Methods: We used secondary data from two related cohort studies that were funded by the U.S. Department of Education and conducted 10 years apart: Wave 1 (2001-2002) of the National Longitudinal Transition Study-2 and the National Longitudinal Transition Study-2012. Both studies were designed to yield nationally representative estimates of the characteristics and experiences of youth with special needs who received special education services. We limited analyses to youth who were ages 13 to 17 years. We used logistic regression to estimate differences in cohorts for each variable, while controlling for weights and sample characteristics. Rates of missing data per variable ranged from 0% to 12% across both surveys. We imputed missing data using multivariate imputation by chained equations (MICE) methods to create 50 implicates.

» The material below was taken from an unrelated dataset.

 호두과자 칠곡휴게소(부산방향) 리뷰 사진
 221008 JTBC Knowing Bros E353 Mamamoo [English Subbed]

Results: The 2012 cohort was less racially diverse than the 2001 cohort (78% White v. 65%) and included more households receiving food stamps (19% in 2012 vs. 8% in 2001). Reported age when disability or concern was first noted was older, on average, among the more-recent cohort (3.0 years vs. 2.3 years). On average, members of the recent cohort had less severe communication impairments. For instance, in response to a question about how well youth could carry on a conversation, parents of 35% of recent cohort members said “Not at all” or “With a lot of trouble” vs. 55% of the 2001 cohort members. The recent cohort had higher scores on most functional skills measures. For instance, 58% were able to get to places outside the home “Very well” or “Pretty well” compared to 47% for the earlier cohort. Sex ratio, overall health, and the rate of psychotropic medication use were comparable across cohorts.

Conclusions: The average severity of parent-reported functional and communication impairments among youth identified with autism decreased from 2001 to 2012. Members of the recent cohort of teens served in the autism special education category are, on average, diagnosed later, are less impaired and have higher functional skills across a variety of survey questions asked of parents. The design of services and policies need to become more nuanced and specific to particular subpopulations because there can be no one-size-fits-all solutions for such a diverse and changing population.